Contextual information plays a critical role in object recognition models within computer vision, where changes in context can significantly affect accuracy, underscoring models' dependence on contextual cues. This study investigates how context manipulation influences both model accuracy and feature attribution, providing insights into the reliance of object recognition models on contextual information as understood through the lens of feature attribution methods. We employ a range of feature attribution techniques to decipher the reliance of deep neural networks on context in object recognition tasks. Using the ImageNet-9 and our curated ImageNet-CS datasets, we conduct experiments to evaluate the impact of contextual variations, analyzed through feature attribution methods.
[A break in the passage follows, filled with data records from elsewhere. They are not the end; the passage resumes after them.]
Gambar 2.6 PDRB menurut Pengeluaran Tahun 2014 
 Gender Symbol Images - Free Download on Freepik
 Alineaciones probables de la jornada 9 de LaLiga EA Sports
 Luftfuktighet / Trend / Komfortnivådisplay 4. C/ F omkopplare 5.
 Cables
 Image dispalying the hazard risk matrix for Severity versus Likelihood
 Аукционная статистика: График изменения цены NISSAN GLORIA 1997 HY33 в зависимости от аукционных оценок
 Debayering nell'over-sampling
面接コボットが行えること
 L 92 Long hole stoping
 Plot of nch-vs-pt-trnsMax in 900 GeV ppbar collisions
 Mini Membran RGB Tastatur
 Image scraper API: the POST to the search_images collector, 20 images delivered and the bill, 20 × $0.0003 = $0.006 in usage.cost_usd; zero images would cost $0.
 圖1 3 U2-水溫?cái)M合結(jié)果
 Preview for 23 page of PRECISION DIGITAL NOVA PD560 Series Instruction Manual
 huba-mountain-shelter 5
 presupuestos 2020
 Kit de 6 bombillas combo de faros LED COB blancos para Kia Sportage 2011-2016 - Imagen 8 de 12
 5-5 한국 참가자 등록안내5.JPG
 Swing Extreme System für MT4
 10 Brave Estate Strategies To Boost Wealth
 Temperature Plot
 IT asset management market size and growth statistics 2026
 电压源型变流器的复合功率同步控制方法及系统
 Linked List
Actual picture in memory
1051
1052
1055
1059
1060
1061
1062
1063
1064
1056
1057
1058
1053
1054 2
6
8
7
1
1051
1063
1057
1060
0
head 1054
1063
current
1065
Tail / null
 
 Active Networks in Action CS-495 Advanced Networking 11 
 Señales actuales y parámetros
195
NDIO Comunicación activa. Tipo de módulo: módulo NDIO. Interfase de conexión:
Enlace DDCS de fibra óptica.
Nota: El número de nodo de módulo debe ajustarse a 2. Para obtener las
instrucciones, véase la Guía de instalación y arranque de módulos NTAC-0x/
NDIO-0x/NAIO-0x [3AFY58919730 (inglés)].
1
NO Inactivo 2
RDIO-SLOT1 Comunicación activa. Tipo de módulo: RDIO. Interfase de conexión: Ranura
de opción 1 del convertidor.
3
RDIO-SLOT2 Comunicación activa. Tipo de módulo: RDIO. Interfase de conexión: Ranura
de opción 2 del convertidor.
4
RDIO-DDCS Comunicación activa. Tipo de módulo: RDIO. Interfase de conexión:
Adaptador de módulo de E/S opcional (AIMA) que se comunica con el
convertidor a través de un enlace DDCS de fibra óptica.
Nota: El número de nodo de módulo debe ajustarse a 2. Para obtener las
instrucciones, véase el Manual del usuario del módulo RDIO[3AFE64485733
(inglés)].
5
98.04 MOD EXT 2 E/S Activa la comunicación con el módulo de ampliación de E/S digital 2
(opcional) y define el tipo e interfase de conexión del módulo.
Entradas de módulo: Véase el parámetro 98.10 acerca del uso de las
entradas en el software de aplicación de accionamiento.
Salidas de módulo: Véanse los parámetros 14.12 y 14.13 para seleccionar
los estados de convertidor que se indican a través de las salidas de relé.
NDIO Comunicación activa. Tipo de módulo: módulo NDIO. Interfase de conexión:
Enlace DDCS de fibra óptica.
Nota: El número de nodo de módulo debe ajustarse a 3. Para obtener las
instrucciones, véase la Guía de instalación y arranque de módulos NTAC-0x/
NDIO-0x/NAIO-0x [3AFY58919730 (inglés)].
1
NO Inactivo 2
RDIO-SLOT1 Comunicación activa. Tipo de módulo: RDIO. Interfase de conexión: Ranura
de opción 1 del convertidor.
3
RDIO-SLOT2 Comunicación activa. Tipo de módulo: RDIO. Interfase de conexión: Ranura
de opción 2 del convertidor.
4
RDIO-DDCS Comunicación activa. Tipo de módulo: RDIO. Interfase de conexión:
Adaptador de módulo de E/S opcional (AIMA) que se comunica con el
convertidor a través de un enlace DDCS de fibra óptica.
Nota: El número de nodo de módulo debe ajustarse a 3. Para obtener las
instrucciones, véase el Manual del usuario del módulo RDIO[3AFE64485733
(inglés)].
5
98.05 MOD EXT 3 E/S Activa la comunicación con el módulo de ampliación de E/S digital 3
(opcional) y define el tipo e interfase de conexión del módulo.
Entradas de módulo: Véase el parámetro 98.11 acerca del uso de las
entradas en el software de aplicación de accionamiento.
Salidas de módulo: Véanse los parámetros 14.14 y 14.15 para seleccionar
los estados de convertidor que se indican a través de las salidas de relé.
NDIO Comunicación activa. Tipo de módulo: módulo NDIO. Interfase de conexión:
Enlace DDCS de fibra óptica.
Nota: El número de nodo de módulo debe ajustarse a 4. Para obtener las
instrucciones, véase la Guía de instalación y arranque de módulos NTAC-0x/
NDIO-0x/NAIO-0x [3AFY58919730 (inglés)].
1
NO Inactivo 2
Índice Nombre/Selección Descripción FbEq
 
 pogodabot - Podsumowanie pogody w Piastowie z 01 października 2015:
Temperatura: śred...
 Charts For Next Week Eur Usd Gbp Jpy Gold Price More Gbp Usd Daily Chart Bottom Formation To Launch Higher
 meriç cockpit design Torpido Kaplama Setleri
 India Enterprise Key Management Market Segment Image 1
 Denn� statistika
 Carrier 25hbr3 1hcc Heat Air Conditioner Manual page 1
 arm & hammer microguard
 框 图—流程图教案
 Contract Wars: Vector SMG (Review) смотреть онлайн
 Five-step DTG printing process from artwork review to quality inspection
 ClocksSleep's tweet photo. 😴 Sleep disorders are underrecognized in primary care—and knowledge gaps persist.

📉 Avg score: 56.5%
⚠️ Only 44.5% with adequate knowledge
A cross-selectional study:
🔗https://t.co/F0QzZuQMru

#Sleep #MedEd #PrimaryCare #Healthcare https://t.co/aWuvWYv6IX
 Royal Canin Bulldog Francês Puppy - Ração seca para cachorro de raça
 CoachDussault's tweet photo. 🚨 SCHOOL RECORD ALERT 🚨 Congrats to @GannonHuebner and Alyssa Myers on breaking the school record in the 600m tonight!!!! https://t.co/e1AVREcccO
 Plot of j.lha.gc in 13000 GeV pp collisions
Our findings reveal several key insights: (a) Correctly classified images predominantly emphasize object volume attribution over context volume attribution. (b) The dependence on context remains relatively stable across different context modifications, irrespective of classification accuracy. (c) Context change exerts a more pronounced effect on model performance than Context perturbations. (d) Surprisingly, context attribution in `no-information' scenarios is non-trivial. Our research moves beyond traditional methods by assessing the implications of broad-level modifications on object recognition, either in the object or its context.

Figures (9)

• Figure 1: The predictions emphasize contextual information, while feature attribution for the top predicted class highlights the object in the image. Predictions were generated using a pre-trained ResNet50 model, and feature attribution was performed with GradCAM.
• Figure 2: Comparison of feature attribution methods derived from ResNet50 classifier for top-1 prediction.
• Figure 3: The top row provides images related to different varieties of our synthetic dataset named ImageNet-CS. The bottom row provides images showing variations of the ImageNet-9 dataset that we have considered for our experiments. We labelled ImageNet-9 images with its pre-trained ResNet50 classification—green, if corresponding with the original label; red, if not.
• Figure 4: Comparison of object and context volume attribution for ResNet50 and ResNet50-IN9L on the ImageNet-9 dataset using ScoreCAM. The figure shows higher context reliance in ResNet50-IN9L, highlighting the impact of training dataset size on model sensitivity to contextual cues.
• Figure 5: This plot illustrates the variation in volume attribution of Context for Correctly Classified Set and Wrongly Classified Set classifications, using ResNet50 as our backbone architecture. The feature attributions were generated based on the model's top prediction. The volume attributions for both ImageNet-9 and ImageNet-CS datasets are presented.